The center was to be a “center for the community life of the college,” “a hearthstone,” and a unifying force that would hold the university together as it grew larger. A University Center Board was created to administer the many programs aimed at satisfying cultural, social and aesthetic needs of the university community.
When the University Center opened in 1962, the local paper reported on “the swank Pheasant Room,” “plush faculty lounge,” and the president’s “penthouse suite.”
The Center was a hit with students, who now had a place to relax in lounges, have fun in bowling alleys, meet friends in the cafeteria, hear speakers in the auditorium and see performers in the ballroom.
So popular was the facility that its size was doubled within a few years, and a 15-story tower added, creating the campus’s most noticeable landmark.

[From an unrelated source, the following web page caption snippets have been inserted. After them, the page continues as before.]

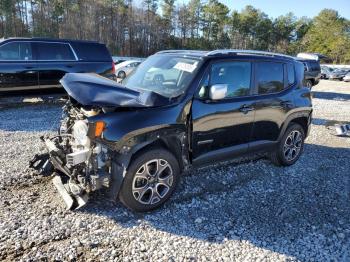  Salvage Jeep Renegade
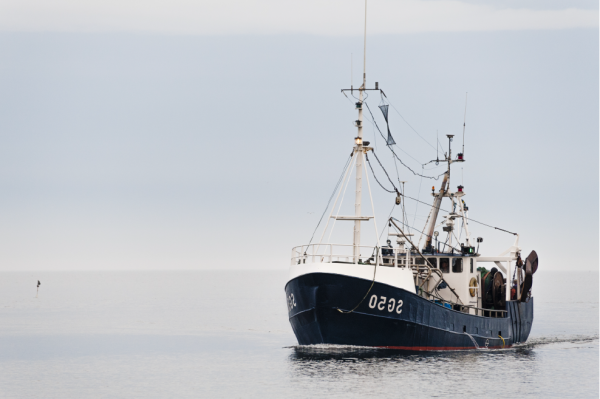 Swedish fishing vessel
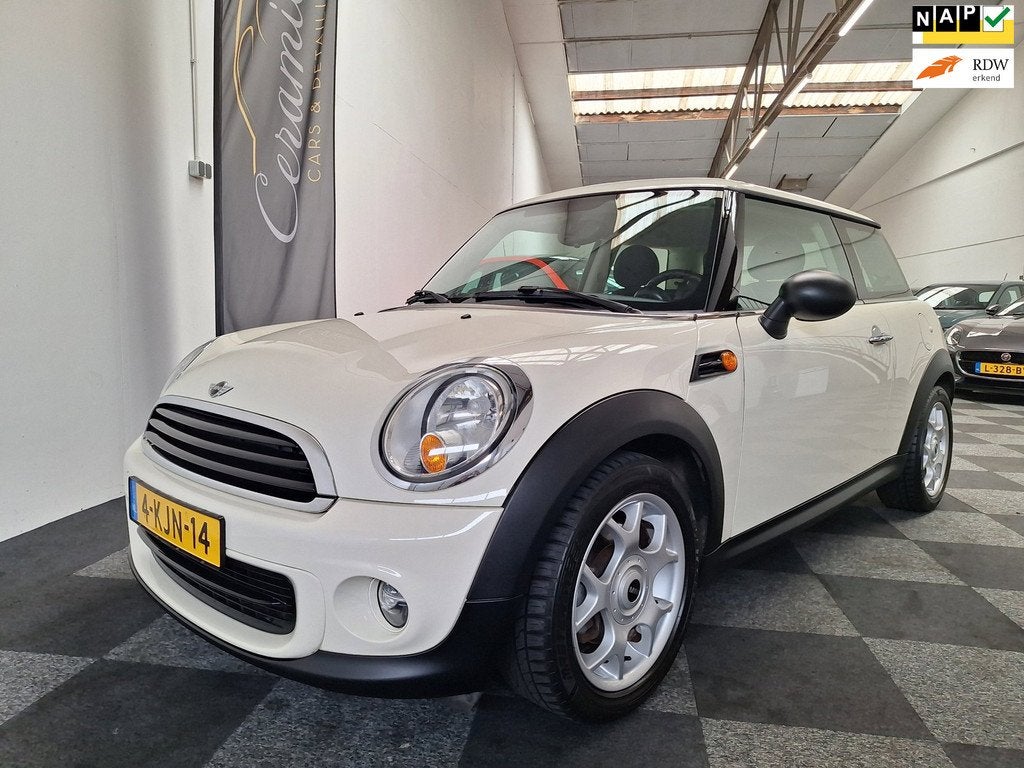 Mini One Business Line uitv. 2e EIG. 96.000 km NAP., Auto's, Mini, Bedrijf, Te koop, One, ABS, Airbags, Airconditioning, Alarm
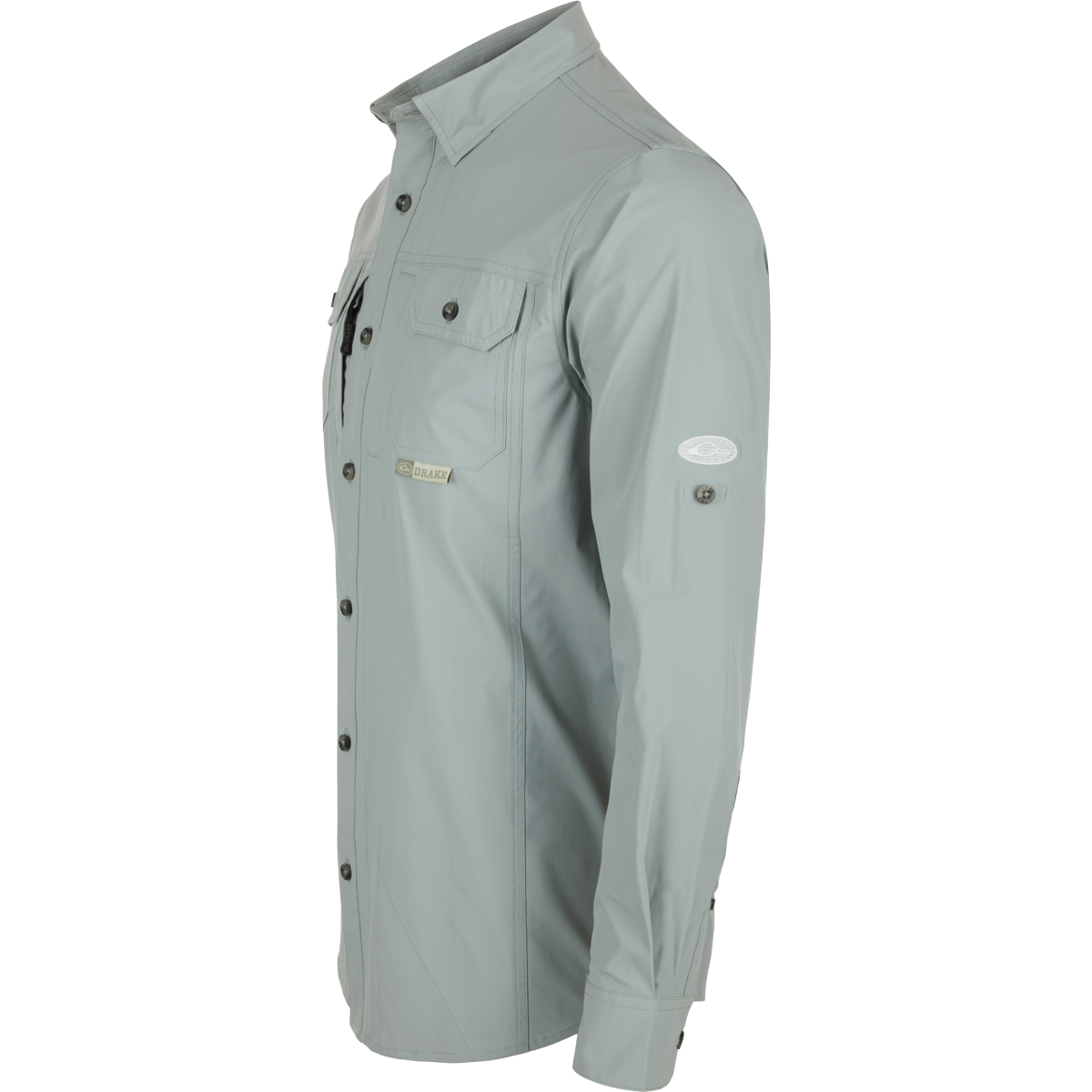 Wingshooter's Trey Long Sleeve Shirt for Men - Durable Hunting & Outdoor Shirt - Moisture Wicking Camo Performance Top for Hunting, Fishing & Camping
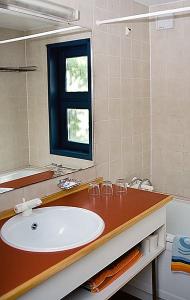 Badezimmer vom Weinhaus-B in Tihany - Club Tihany Bungalows am Plattensee - ✔️ Club Tihany Bungalows**** ✔️ Tihany See Balaton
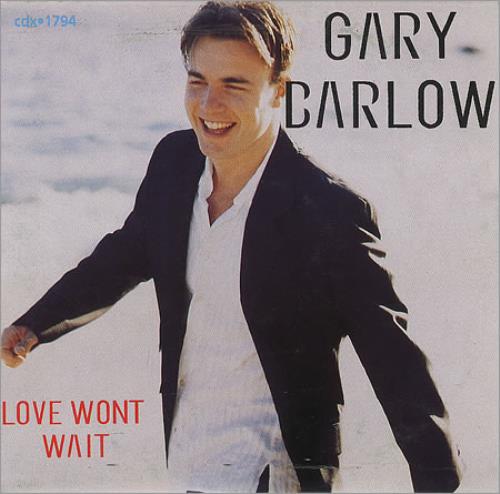 Gary Barlow Love Wont Wait CD single (CD5 / 5") Mexican GBLC5LO201697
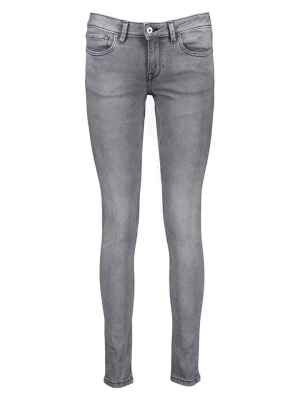 Pepe Jeans Dżinsy "Pixie" - Skinny fit - w kolorze jasnoszarym rozmiar: W31/L32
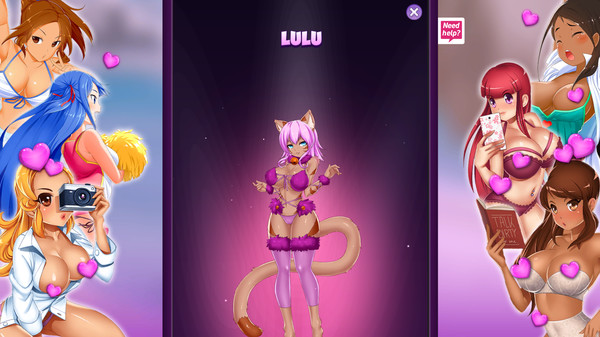 Booty Calls - Lulu Furry Pack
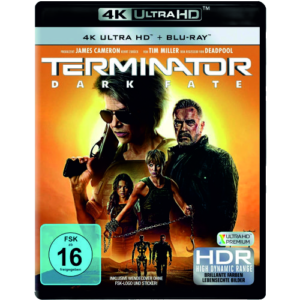 Terminator: Mroczne przeznaczenie [4K Ultra HD|Blu-Ray]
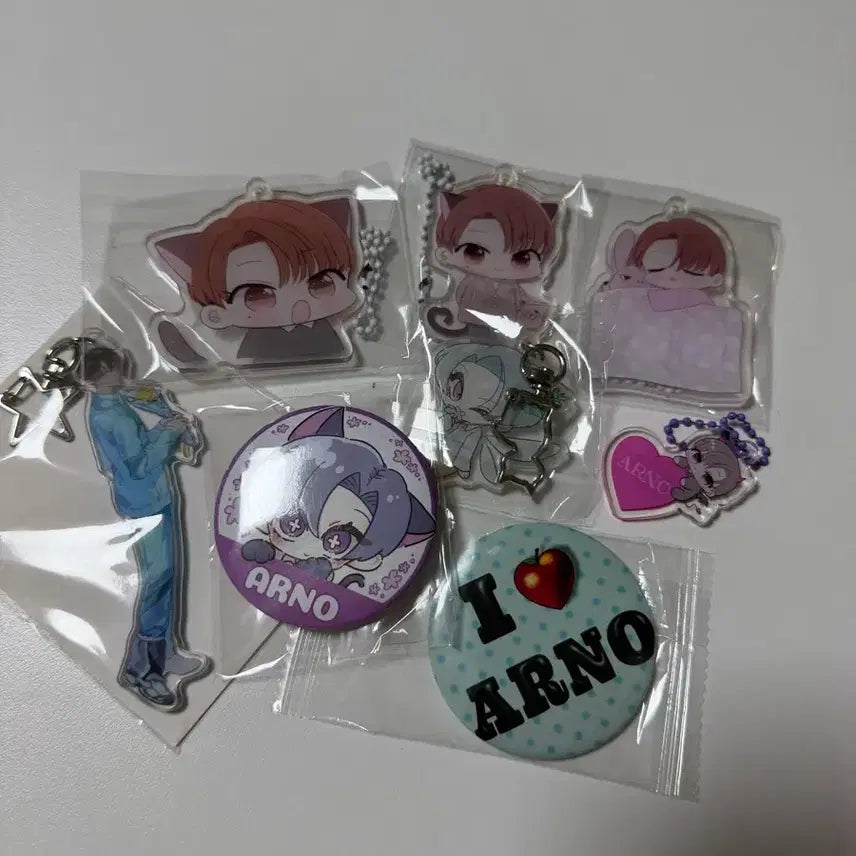 [BUNJANG] Arno (Alpa Drive One) Unofficial Goods Bundle Set / 알파드라이브원 아르노 비공굿 일괄 판매 (폭덤)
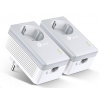 TP-Link TL-PA4010PKIT průchozí powerline set (AV600, 1x100Mb/s, HomePlug AV) TL-PA4010P KIT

On May 21, 1968, the addition — with the showcase Carl Sandburg Auditorium — was dedicated as part of President Rhoten Smith’s week-long inauguration celebration. Speakers included Sandburg’s granddaughter and Chicago legend Studs Terkel.
Students lobbied for additional services at the Center, and eventually the Board voted to permit the inclusion of a university-owned bookstore, and in later years allowed private partners such as fast food franchises.
In 1974, the Board voted to name NIU’s most popular gathering place in honor of Leslie A. Holmes, the president whose persistence had made it a reality. But other than the new name, not much changed at the Holmes Student Center for more than half a century.
Finally in 2018, a long-awaited renovation began that completely reimagined the entire first floor, adding two new restaurants, a Starbucks coffee shop, a new bookstore and offices for key student organizations. Thousands of square feet of new space is devoted to places where students can lounge, study and collaborate.
During warmer weather, the patio area outside of the newly created ground-level entrance extends the lounge space outdoors. That entryway also reflects changes aimed at making the entire ground floor accessible to people with disabilities, as do two new elevators and ramps throughout.
As the HSC approaches its 60th birthday, it has been given new life as a modern hearthstone for a new generation.